The Church Year and the Lectionary Commentary – Trinity Sunday (Day 1)


Isaiah 6:1-8
6 In the year of King Uzziah’s death, I saw the Lord sitting on a high and exalted throne, the edges of his robe filling the temple. Winged creatures were stationed around him. Each had six wings: with two they veiled their faces, with two their feet, and with two they flew about. They shouted to each other, saying:
“Holy, holy, holy is the Lord of heavenly forces!
All the earth is filled with God’s glory!”
The doorframe shook at the sound of their shouting, and the house was filled with smoke.
I said, “Mourn for me; I’m ruined! I’m a man with unclean lips, and I live among a people with unclean lips. Yet I’ve seen the king, the Lord of heavenly forces!”
Then one of the winged creatures flew to me, holding a glowing coal that he had taken from the altar with tongs. He touched my mouth and said, “See, this has touched your lips. Your guilt has departed, and your sin is removed.”
Then I heard the Lord’s voice saying, “Whom should I send, and who will go for us?”
I said, “I’m here; send me.”

God’s call to be a prophet is often a difficult, thankless, and sometimes dangerous matter.  Perhaps this is why he gets such an elaborate call and send-off here in Isaiah 6.  If we read on in ch.6 and following, it quickly becomes apparent that the burden of his prophetic message is to announce and enact judgment against God’s people, his people, the people he loved and to whom he owed everything.

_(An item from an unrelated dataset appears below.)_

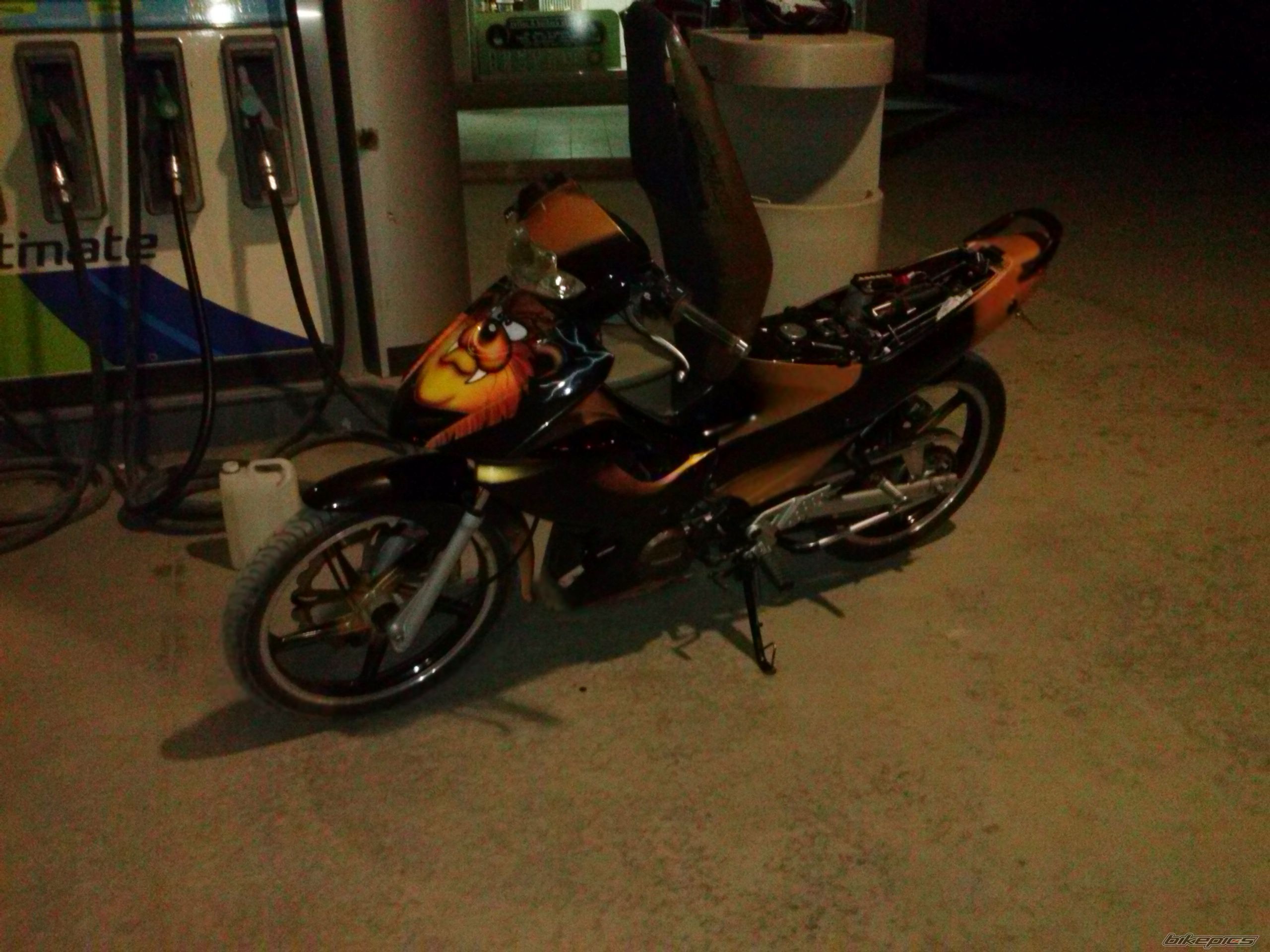 2014 MODENAS DYNAMIC 125 | Picture 2698367 motorcycle photo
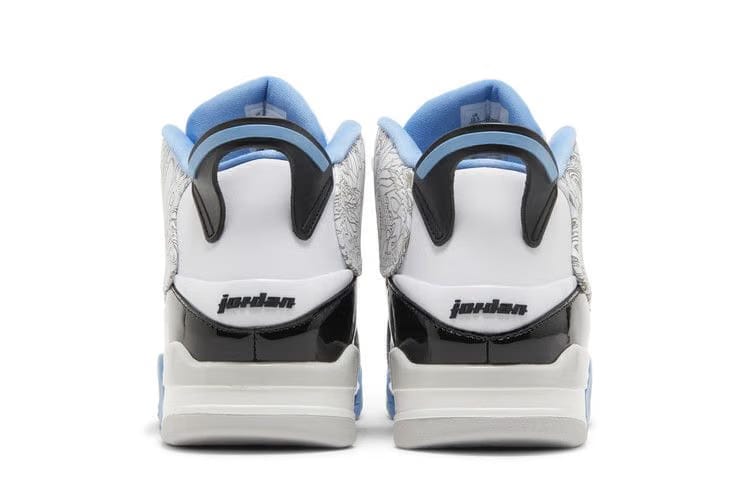 Air Jordan Dub Zero Legend Blue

This makes Isaiah’s confession and cleansing even more crucial.  He’ll need the courage he can draw from this encounter to stand with God’s Word against his own people.  He’ll need the courage he can draw from this encounter to stand with his people under the judgment his own word will enact.  This is the prophetic crucible – to stand with God against the people and to stand with the people under God’s judgment.  A faithful humility is alone able to sustain a prophetic career.

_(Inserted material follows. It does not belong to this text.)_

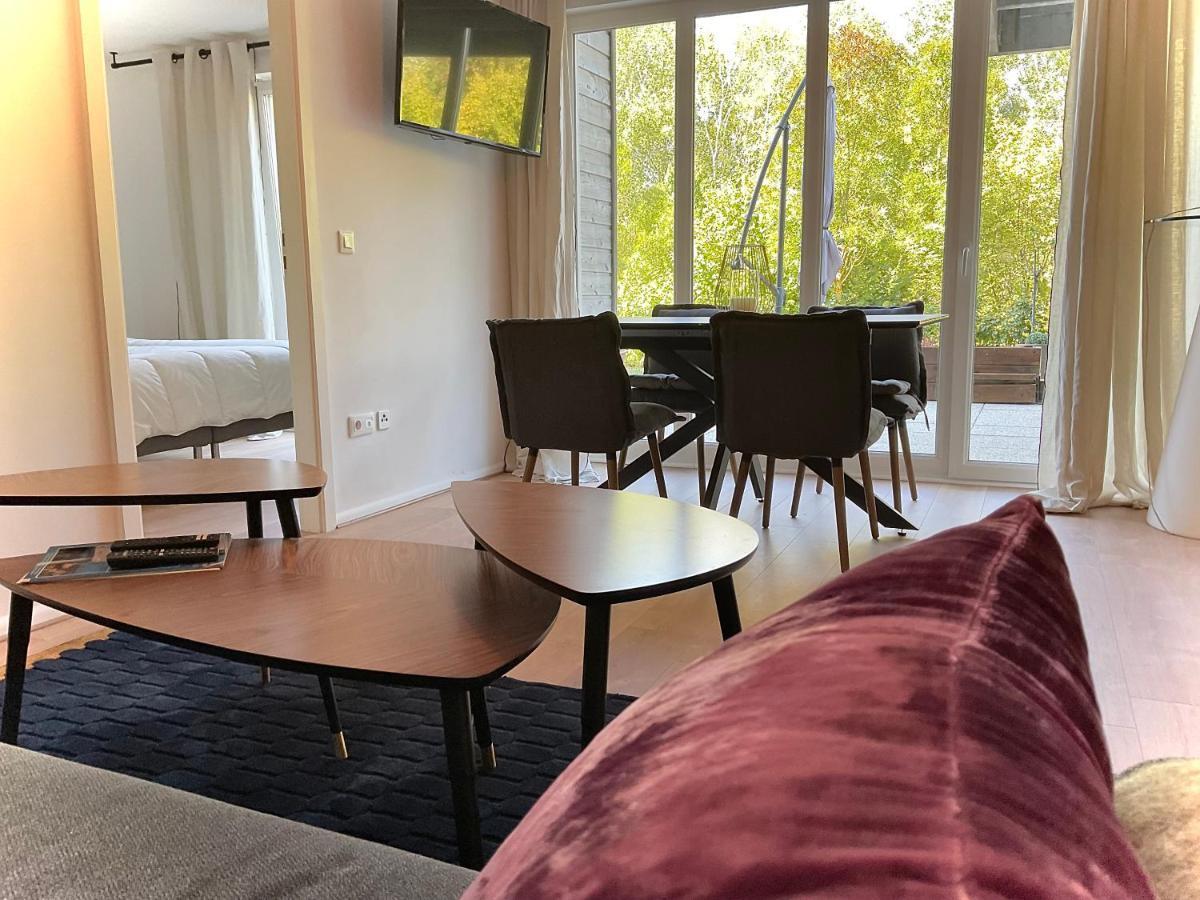 Apartamento Le Safran Obernai Exterior foto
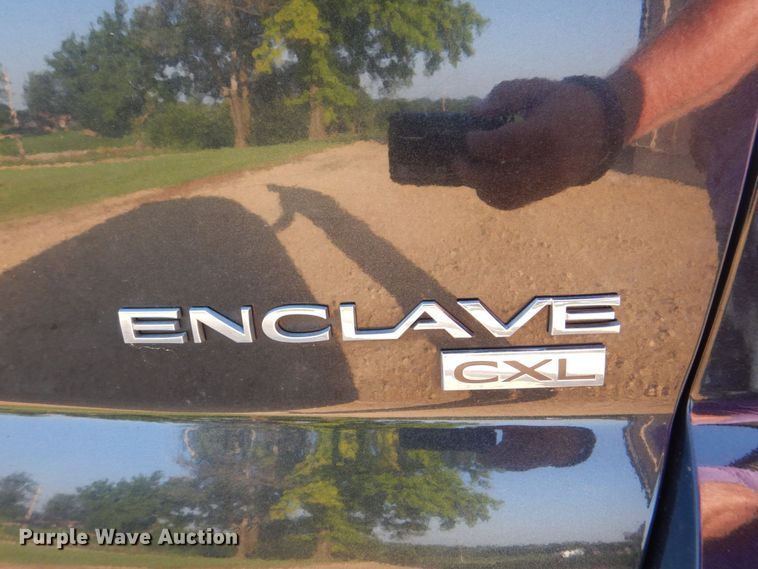 image for item MF9156 2008 Buick Enclave CXL  SUV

And it’s the same today as it was yesterday.  Karl Barth spoke to this in his own time of crisis:

“That the zeal for God's honor is also a dangerous passion, that the Christian must bring with him the courage to swim against the tide instead of with it... accept a good deal of loneliness, will perhaps be nowhere so clear and palpable as in the church, where he would so much like things to be different. Yet he cannot and he will not refuse to take this risk and pay this price... he belongs where the reformation of the church is underway or will again be underway.”
 
May we have prophets of this ilk for the church here in its time of crisis in the early 21st century!